Imperial Sugar pays fines, workers protest McConnell, and a labor professor fights for his job

A quick look at some of the labor and worker-related activity around the South gives us another indication that more and more people are standing up for their rights, and that a movement is underway despite the blanket of silence many in the media maintain.

IMPERIAL SUGAR IN SAVANNAH
The 2008 explosion at the Imperial Sugar Co. plant in Savannah that killed 14 people has finally resulted in a settlement. The company will pay $6 million in fines. The sum could have been much higher, and the company has not admitted to any liability. The federal fines were levied for multiple safety violations.

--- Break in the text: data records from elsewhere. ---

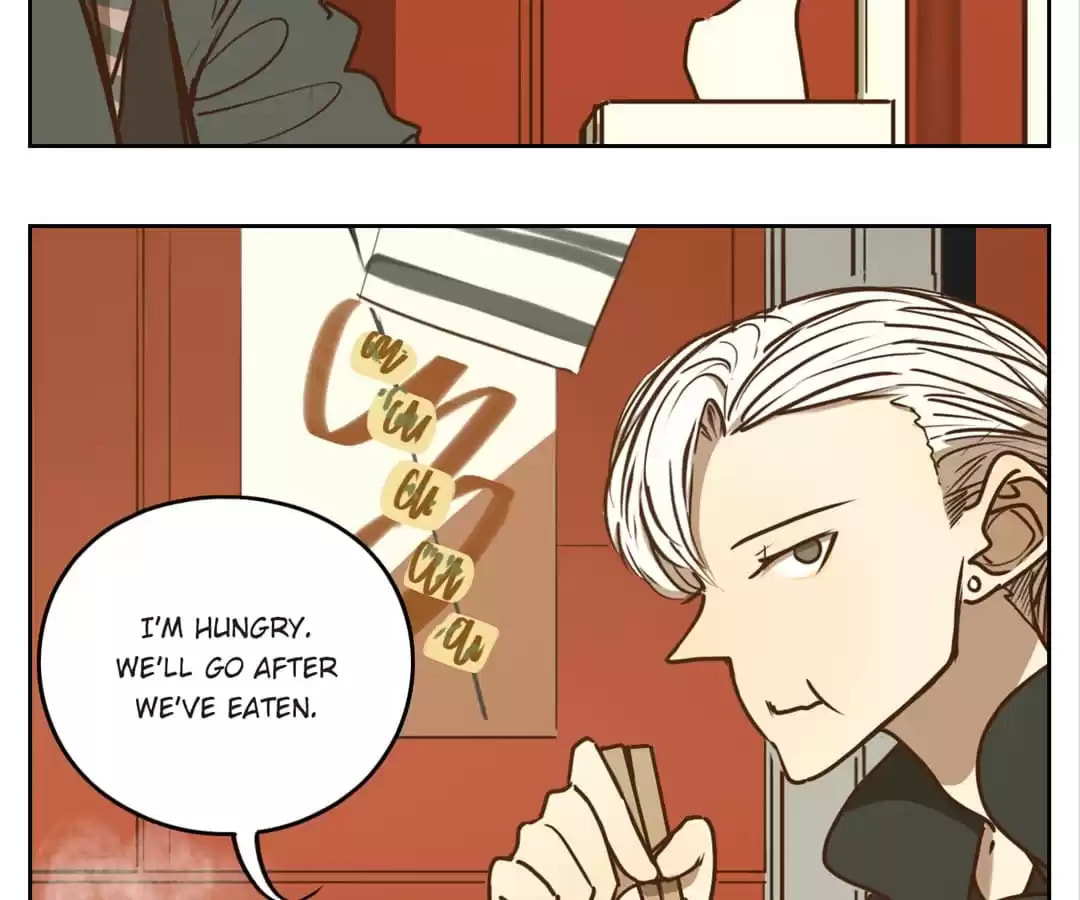 20 twenty (Colored) Chapter 83 page 5 - 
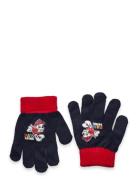 Glovers Navy Paw Patrol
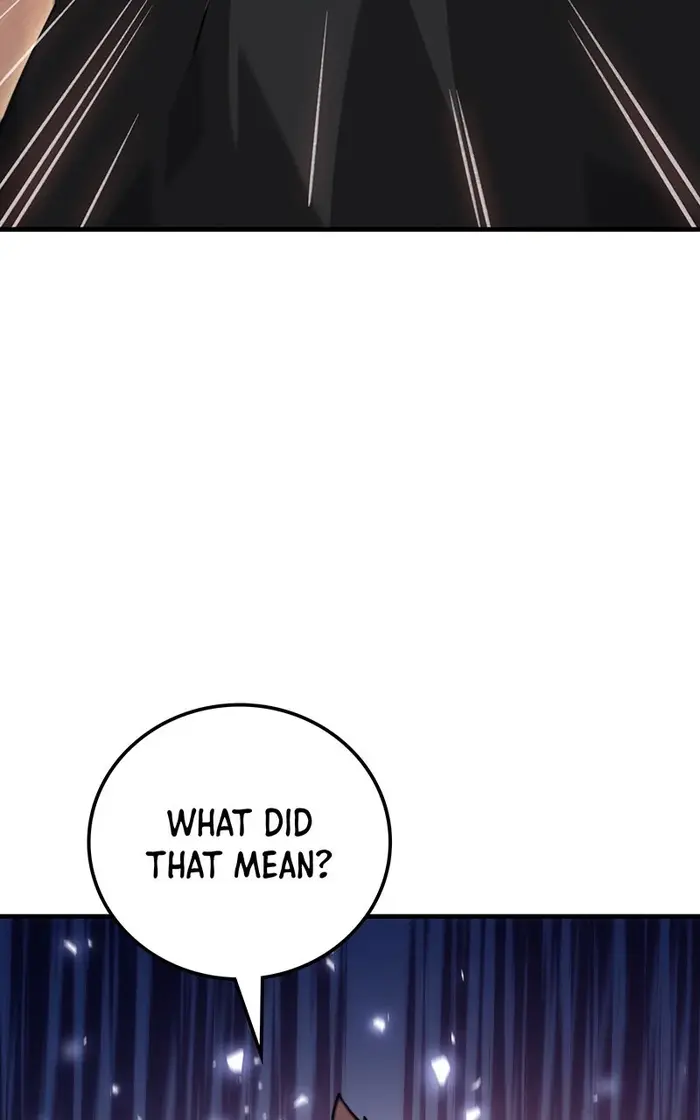 Dungeon Crawler Carl Chapter 4 image 130_optimized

The U.S. Occupational Safety and Health Administration found more than 100 violations at company plants in Georgia and Louisiana.

The company still faces

WORKERS PROTEST SENATOR MCCONNELL
U.S. Senate Minority Leader Mitch McConnell's stand against extending jobless aid prompted a protest outside his office in Louisville, Ky., earlier this month. McConnell led a Republican assault on the proposed extension despite the fact that more than 1.7 million have lost their unemployment benefits since June 1.

The Kentucky AFL-CIO led the protest against the veteran Kentucky Republican and demanded that he stand up for working people who are simply trying to survive the worst recession since the Great Depression.

Senate Democrats this week were able to overcome the McConnell-led Republican filibuster and set the stage for renewed benefits for hard-pressed workers who've lost their jobs.

A PRO-LABOR PROFESSOR IN ALABAMA FIGHTS FOR HIS JOB
Labor historian Glenn Feldman at the University of Alabama in Birmingham says that pro-business forces at his university are trying to get rid of them, and he has filed two lawsuits to make sure they don't get away with it.

Feldman, who established a chapter of the American Association of University Professors at the university and ran a training center there as well, has filed a faculty grievance and a complaint with the U.S. Equal Employment Opportunity Commission. The university no longer supports his training center.

Helping him in his cause are members of the United Steelworkers.